San Agustín enseñó lo siguiente: «Dios no nos mandaría pedir, si no nos quisiese oír. La oración es una llave que nos abre las puertas del cielo. Cuando veas que tu oración no se apartó de ti, puedes estar seguro de que la misericordia tampoco se alejó de ti. Los grandes dones exigen un gran deseo por cuanto todo lo que se alcanza con facilidad no se estima tanto como lo que se deseó por mucho tiempo. Dios no quiere darte en seguida lo que pides, para que aprendas a desear con gran deseo».
Nadie como él entendió la fuerza de la oración de una madre por su hijo; pues durante veinte años su madre, Santa Mónica, rezó por la conversión de él, y consiguió. Él mismo cuenta eso en su libro «Confesiones».
Él dijo que su madre iba tres veces por día delante del Sagrario en Hipona, y pedía a Jesús que su Agustín se tornase «un buen cristiano». Era todo lo que ella quería, no pedía que él fuese un día padre, obispo, santo, doctor de la Iglesia y uno de los mayores teólogos y filósofos de todos los tiempos. Pero Dios quería darle más. Quería de Agustín ese gigante de la Iglesia, entonces, ella precisaba rezar más tiempo y sin desanimar. Y Santa Mónica no desanimó, por eso tenemos hoy ese gigante de la fe. Me pongo a pensar si ella parase de rezar después de pedir durante 19 años… No se habría convertido su hijo. Y nosotros no tendríamos el Doctor de la Gracia.
Cuando Agustín dejó África del Norte, y fue a ser el orador oficial del emperador romano, en Milán, ella fue tras él. Tomó el navío, atravesó el Mediterráneo, y fue a rezar por su hijo. Un día, fue al obispo de Milán, en lágrimas, a decirle que no sabía más qué hacer por la conversión de su Agustín, que el obispo bien conocía por su fama. Simplemente el obispo le respondió: «Hija mía, es imposible que Dios no convierta el hijo de tantas lágrimas».
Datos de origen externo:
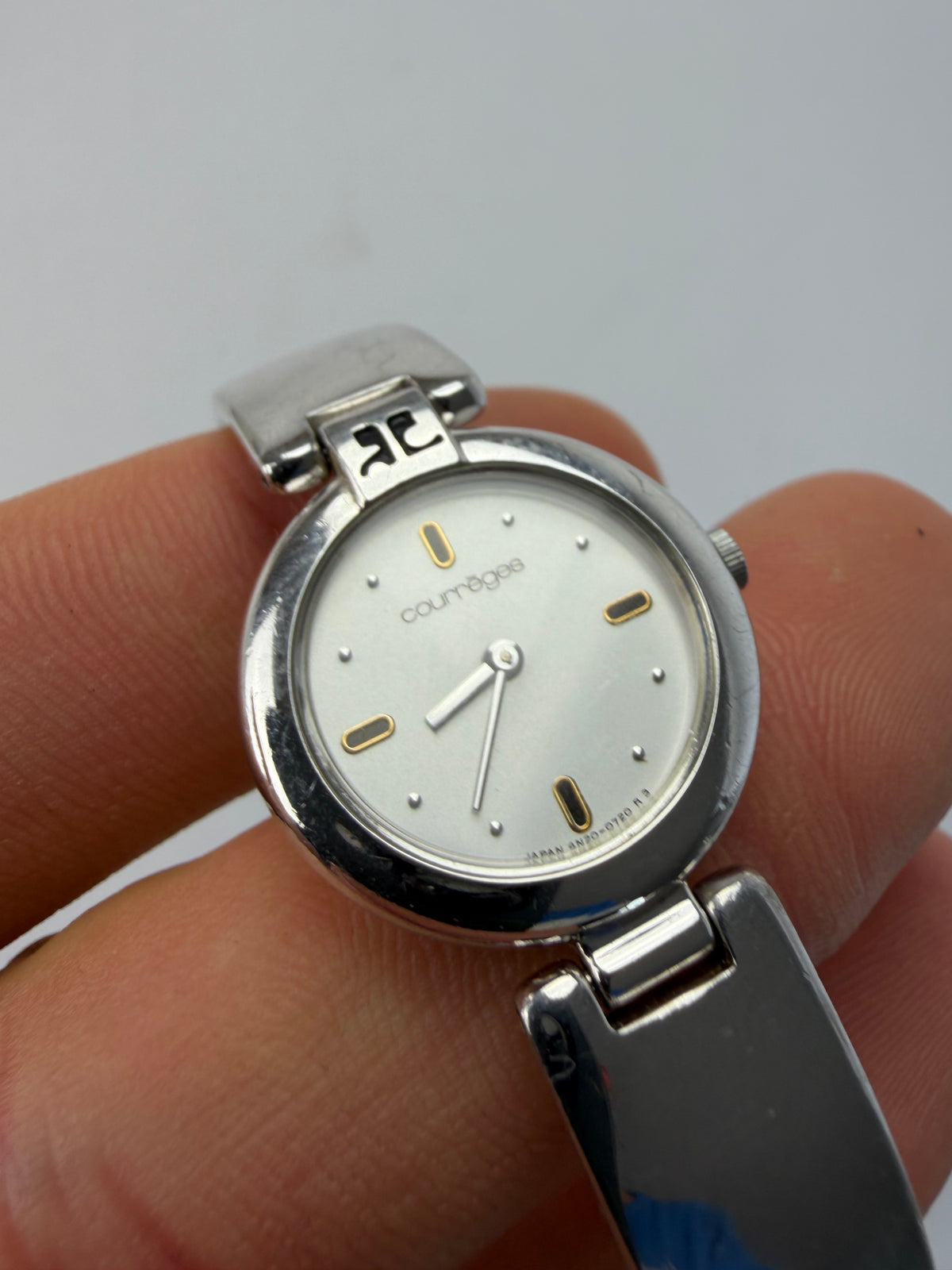 Vintage Courrèges Stainless Steel Bracelet Watch c. Early 1990s Silver White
Y sucedió. San Agustín, oyendo las predicaciones de Santo Ambrosio, obispo de Milán, se convirtió; fue bautizado por él, y luego fue ordenado sacerdote, escogido para obispo, y uno de los mayores santos de la Iglesia. ¡Todo porque aquella madre no se cansó de rezar por la conversión de su hijo… veinte años!
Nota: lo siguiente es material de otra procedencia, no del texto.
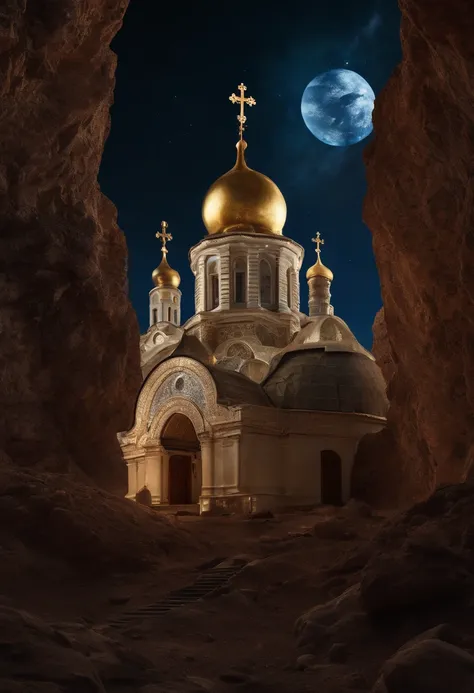 Russian Orthodox church on the surface of the asteroid Ceres, Deep space, vacuum.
San Agustín dijo en las «Confesiones» que las lágrimas de su madre delante del Señor en el Sagrario, eran como «la sangre de su corazón destilado en lágrimas en sus ojos». ¡Qué belleza! ¡Qué fe!
Es exactamente lo que la Iglesia enseña: que nuestra oración debe ser humilde, confiada y perseverante. Humilde como la del publicano que golpeaba el pecho y pedía perdón delante del fariseo orgulloso; confiada como la de la madre cananea y perseverante como la de la madre Mónica. Dios no resiste a las lágrimas y las oraciones de una madre que reza así.
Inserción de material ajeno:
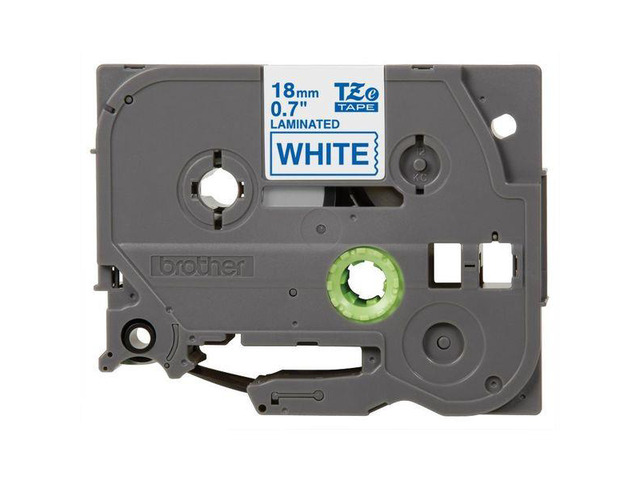 Brother P-Touch TZe Standard Adhesive Laminated Labeling Tape 3/4w Blue on White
San Agustín resume con estas palabras la vida de su madre: «Cuidó de todos los que vivíamos juntos después de bautizados, como si fuese madre de todos; y nos sirvió como si fuese hija de cada uno de nosotros».
El ejemplo de Santa Mónica quedó grabado de tal modo en la mente de San Agustín que, años más tarde, ciertamente acordándose de su madre, exhortaba: «Buscad con todo el cuidado la salvación de los de vuestra casa». Ya se dijo de Santa Mónica que fue dos veces madre de Agustín, porque no apenas lo dio a luz, sino lo rescató para la fe católica y para la vida cristiana. Así deben ser los padres cristianos: dos veces progenitores de sus hijos, en su vida natural y en su vida en Cristo.